Your Highness

Filmed in Northern Ireland, this garish comedy is 'gross, obnoxious and puerile'. Andrew Johnston loves it

It would be great to be a fly on the wall if Assembly bigwigs ever see Your Highness. The bawdy Universal Pictures comedy should offend sensibilities right across the political spectrum.

The film, which came about after a promotional visit to the US by Peter Robinson and Martin McGuinness, was shot in Northern Ireland, but the naked breasts, giant spliffs and severed minotaur’s penis are all Hollywood.

To give you an example of the kind of gag peppered – nay, smeared – throughout Your Highness, consider this scene in which Danny McBride’s weed-smoking, wench-chasing Prince Thadeous pursues a semi-nude female warrior into a forest (the movie was shot at picturesque locations around County Antrim – a nice coup for the Tourist Board).

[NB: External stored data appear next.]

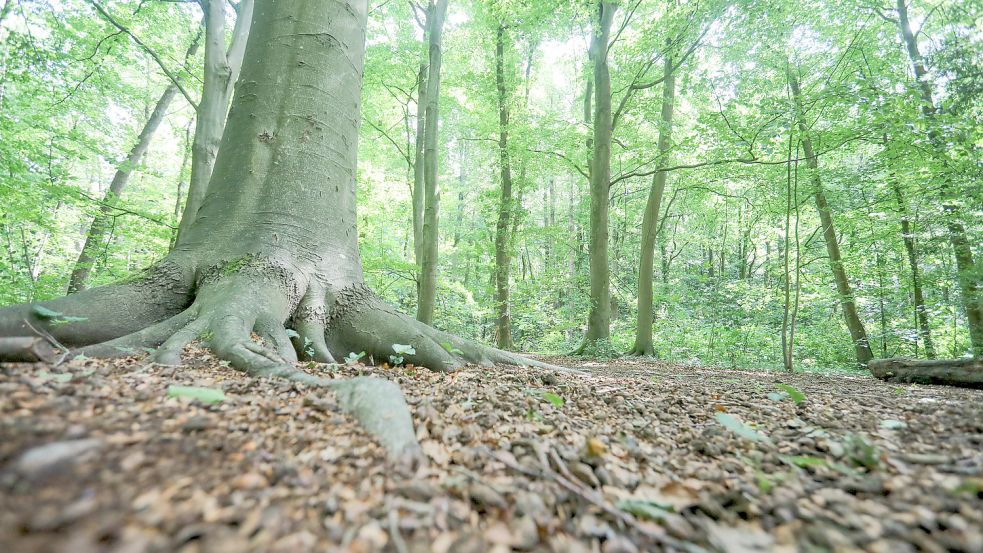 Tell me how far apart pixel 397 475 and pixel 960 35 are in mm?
10272

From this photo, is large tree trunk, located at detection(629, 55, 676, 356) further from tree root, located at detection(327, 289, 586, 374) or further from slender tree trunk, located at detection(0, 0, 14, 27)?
slender tree trunk, located at detection(0, 0, 14, 27)

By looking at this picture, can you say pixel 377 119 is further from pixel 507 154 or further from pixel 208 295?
pixel 208 295

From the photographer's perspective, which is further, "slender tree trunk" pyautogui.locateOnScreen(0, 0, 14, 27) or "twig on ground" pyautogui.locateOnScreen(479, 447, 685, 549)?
"slender tree trunk" pyautogui.locateOnScreen(0, 0, 14, 27)

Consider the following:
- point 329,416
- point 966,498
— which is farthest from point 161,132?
point 966,498

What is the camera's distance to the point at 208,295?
275 centimetres

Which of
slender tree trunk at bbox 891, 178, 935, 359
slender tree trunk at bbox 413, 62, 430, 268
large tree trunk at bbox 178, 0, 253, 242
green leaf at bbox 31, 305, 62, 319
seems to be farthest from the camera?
slender tree trunk at bbox 413, 62, 430, 268

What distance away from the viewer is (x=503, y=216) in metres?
11.8

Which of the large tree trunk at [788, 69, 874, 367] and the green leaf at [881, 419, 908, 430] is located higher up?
the large tree trunk at [788, 69, 874, 367]

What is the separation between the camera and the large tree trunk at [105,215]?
8.12 metres

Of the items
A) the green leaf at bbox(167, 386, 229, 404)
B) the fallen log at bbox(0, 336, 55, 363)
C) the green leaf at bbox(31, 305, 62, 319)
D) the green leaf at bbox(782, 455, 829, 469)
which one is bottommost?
the green leaf at bbox(782, 455, 829, 469)

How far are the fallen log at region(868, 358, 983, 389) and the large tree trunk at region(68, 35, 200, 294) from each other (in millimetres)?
12169

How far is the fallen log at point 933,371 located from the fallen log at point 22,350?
285 inches

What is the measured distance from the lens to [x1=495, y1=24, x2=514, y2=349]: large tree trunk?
11.4 metres

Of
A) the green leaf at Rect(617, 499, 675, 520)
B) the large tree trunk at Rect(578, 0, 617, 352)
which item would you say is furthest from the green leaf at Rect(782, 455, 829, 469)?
the large tree trunk at Rect(578, 0, 617, 352)
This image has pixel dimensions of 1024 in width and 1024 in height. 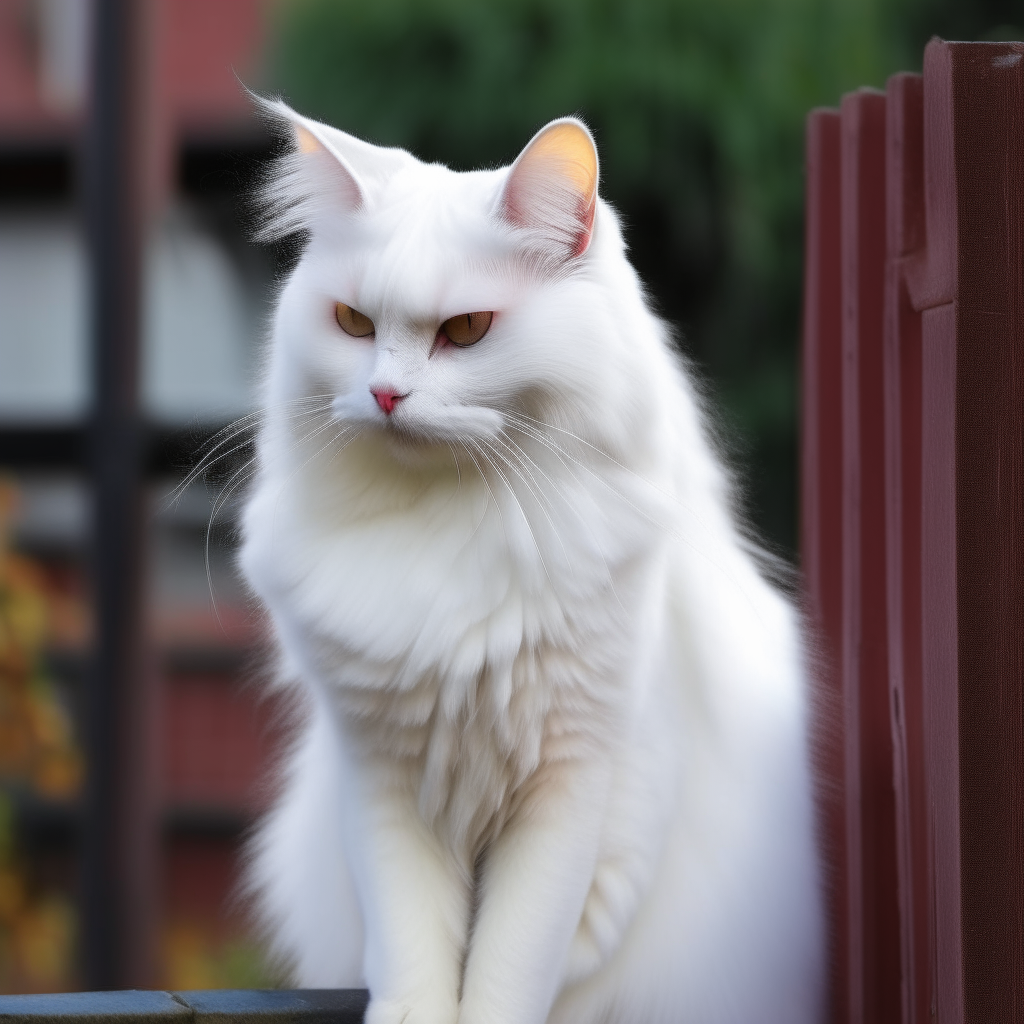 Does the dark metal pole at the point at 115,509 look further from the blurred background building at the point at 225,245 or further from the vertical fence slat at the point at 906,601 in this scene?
the vertical fence slat at the point at 906,601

‘It might be a trap,’ warns the more wholesome Prince Fabious (played by James Franco, taking a break from Oscar-worthy fare). Thadeous responds by saying the only thing the damsel’s chest will trap is his ‘warm spray’. Kenneth Branagh this ain’t.

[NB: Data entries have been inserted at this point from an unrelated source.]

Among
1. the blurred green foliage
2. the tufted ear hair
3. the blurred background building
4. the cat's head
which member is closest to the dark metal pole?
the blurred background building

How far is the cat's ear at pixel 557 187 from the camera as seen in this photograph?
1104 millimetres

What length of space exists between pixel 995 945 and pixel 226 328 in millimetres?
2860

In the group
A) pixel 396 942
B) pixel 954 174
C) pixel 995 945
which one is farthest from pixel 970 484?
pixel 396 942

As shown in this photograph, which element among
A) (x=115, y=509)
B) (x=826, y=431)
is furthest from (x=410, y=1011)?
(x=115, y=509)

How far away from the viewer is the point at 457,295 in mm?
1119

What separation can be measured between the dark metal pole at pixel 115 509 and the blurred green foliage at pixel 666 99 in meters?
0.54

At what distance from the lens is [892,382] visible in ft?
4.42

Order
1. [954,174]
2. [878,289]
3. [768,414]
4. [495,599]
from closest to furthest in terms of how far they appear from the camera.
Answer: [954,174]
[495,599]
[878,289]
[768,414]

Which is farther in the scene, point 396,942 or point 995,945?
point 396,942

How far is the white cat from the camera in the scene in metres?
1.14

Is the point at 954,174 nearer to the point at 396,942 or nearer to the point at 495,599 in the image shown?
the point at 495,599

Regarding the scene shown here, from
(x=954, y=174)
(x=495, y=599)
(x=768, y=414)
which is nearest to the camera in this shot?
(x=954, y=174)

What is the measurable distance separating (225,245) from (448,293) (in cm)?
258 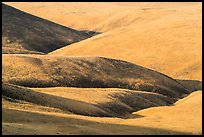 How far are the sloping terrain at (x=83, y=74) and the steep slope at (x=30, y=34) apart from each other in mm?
30242

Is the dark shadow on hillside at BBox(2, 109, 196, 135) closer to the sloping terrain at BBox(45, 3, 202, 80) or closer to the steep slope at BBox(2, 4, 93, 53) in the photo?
the sloping terrain at BBox(45, 3, 202, 80)

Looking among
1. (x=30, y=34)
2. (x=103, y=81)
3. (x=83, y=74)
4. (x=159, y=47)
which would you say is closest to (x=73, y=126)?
(x=83, y=74)

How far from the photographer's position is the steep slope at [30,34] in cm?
9894

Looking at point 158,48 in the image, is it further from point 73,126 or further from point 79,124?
point 73,126

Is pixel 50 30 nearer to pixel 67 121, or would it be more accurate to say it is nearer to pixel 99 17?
pixel 99 17

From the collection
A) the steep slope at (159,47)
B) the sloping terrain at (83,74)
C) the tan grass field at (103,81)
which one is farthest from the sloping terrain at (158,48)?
the sloping terrain at (83,74)

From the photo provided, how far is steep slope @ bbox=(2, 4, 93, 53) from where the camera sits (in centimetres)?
9894

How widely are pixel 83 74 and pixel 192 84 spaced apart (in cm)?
1650

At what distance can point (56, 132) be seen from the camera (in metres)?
26.6

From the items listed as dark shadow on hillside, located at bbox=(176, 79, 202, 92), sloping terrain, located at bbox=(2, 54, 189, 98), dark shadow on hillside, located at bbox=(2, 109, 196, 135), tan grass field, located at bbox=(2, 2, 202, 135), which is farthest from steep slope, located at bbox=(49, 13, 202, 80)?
dark shadow on hillside, located at bbox=(2, 109, 196, 135)

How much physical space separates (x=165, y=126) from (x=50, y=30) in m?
87.6

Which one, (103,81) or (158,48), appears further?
(158,48)

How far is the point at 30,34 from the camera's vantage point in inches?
4301

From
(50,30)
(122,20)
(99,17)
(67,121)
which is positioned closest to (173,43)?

Penned by McBride and Ben Best, and directed by David Gordon Green (Pineapple Express), Your Highness represents a brave new era for Northern Ireland filmmaking.

It’s a world in which a tubby US comedian can cavort on the Giant’s Causeway with a prosthetic member dangling round his neck, and an evil wizard (played by Iron Man 2 screenwriter, Justin Theroux) can hatch a plot to rape a princess to create a dragon (or was it rape a dragon to create a princess? I lost track) from a lair inside Belfast’s Paint Hall Studio.

Incidentally, Leezar’s plot is the closest Your Highness comes to one. Generally, it’s that old story: slobbish prince envies heroic prince, heroic prince’s bride-to-be is kidnapped, slobbish prince comes begrudgingly to the rescue.

Along the way, Thadeous and Fabious encounter stoned peasants, a perverted, Yoda-like creature and Natalie Portman in a thong. It’s the kind of film where even the comic relief has a comic relief (Rasmus Hardiker of Lead Balloon and Saxondale is great fun as Thadeous’s gormless sidekick, Courtney).

Basically, Your Highness is a Mel Brooks movie with added swearing and hot babes. It’s a parody of the fantasy genre, showing the same respectfulness for the likes of Excalibur and Krull that Brooks brought to his horror spoofs Young Frankenstein and Dracula: Dead and Loving It.

The film also boasts lush locations, lavish sets, cutting-edge special effects and a cast of top-drawer supporting actors (Charles Dance, Damian Lewis, Toby Jones).

Sure, Your Highness is gross, obnoxious and puerile in the extreme, and some of the gags will be too cheap even for the intended teenage male market. But many of the laughs are of the out-loud variety, and it’s refreshing to see a film so unashamed to revel in its own absurdity.

If this is the kind of demented, anything-goes romp Hollywood comes up with when slumming it in Northern Ireland, then this writer for one hopes that Universal Pictures will be back this way soon.

Your Highness is showing at Movie House Cinemas now.